Sybil Van Antwerp, a cantankerous but exceedingly well-mannered septuagenarian, is the titular correspondent in Evans’ debut novel. Sybil has retired from a beloved job as chief clerk to a judge with whom she had previously been in private legal practice. She is the divorced mother of two living adult children and one who died when he was 8. She is a reader of novels, a gardener, and a keen observer of human nature. But the most distinguishing thing about Sybil is her lifelong practice of letter writing. As advancing vision problems threaten Sybil’s carefully constructed way of life—in which letters take the place of personal contact and engagement—she must reckon with unaddressed issues from her past that threaten the house of cards (letters, really) she has built around herself.

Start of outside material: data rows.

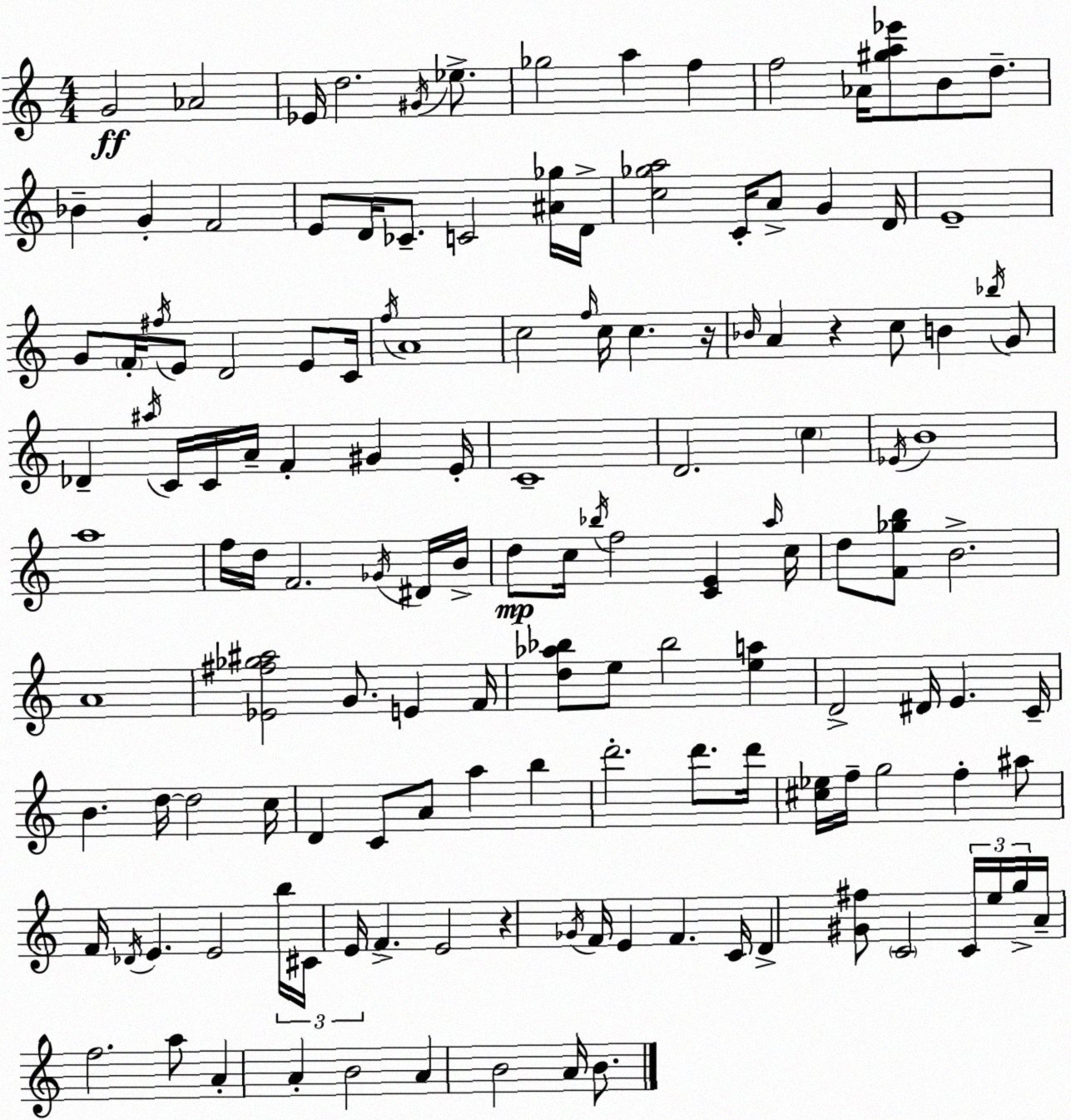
X:1
T:Untitled
M:4/4
L:1/4
K:C
G2 _A2 _E/4 d2 ^G/4 _e/2 _g2 a f f2 _A/4 [^ga_e']/2 B/2 d/2 _B G F2 E/2 D/4 _C/2 C2 [^A_g]/4 D/4 [c_ga]2 C/4 A/2 G D/4 E4 G/2 F/4 ^f/4 E/2 D2 E/2 C/4 f/4 A4 c2 f/4 c/4 c z/4 _B/4 A z c/2 B _b/4 G/2 _D ^a/4 C/4 C/4 A/4 F ^G E/4 C4 D2 c _E/4 B4 a4 f/4 d/4 F2 _G/4 ^D/4 B/4 d/2 c/4 _b/4 f2 [CE] a/4 c/4 d/2 [F_gb]/2 B2 A4 [_E^f_g^a]2 G/2 E F/4 [d_a_b]/2 e/2 _b2 [ea] D2 ^D/4 E C/4 B d/4 d2 c/4 D C/2 A/2 a b d'2 d'/2 d'/4 [^c_e]/4 f/4 g2 f ^a/2 F/4 _D/4 E E2 b/4 ^C/4 E/4 F E2 z _G/4 F/4 E F C/4 D [^G^f]/2 C2 C/4 e/4 g/4 A/4 f2 a/2 A A B2 A B2 A/4 B/2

Sybil’s relationships are gradually revealed in the series of letters sent to and received from, among others, her brother, sister-in-law, children, former work associates, and, intriguingly, literary icons including Joan Didion and Larry McMurtry. Perhaps most affecting is the series of missives Sybil writes but never mails to a shadowy figure from her past. Thoughtful musings on the value and immortal quality of letters and the written word populate one of Sybil’s notes to a young correspondent while other messages are laugh-out-loud funny, tinged with her characteristic blunt tartness. Evans has created a brusque and quirky yet endearing main character with no shortage of opinions and advice for others but who fails to excavate the knotty difficulties of her own life. As Sybil grows into a delayed self-awareness, her letters serve as a chronicle of fitful growth.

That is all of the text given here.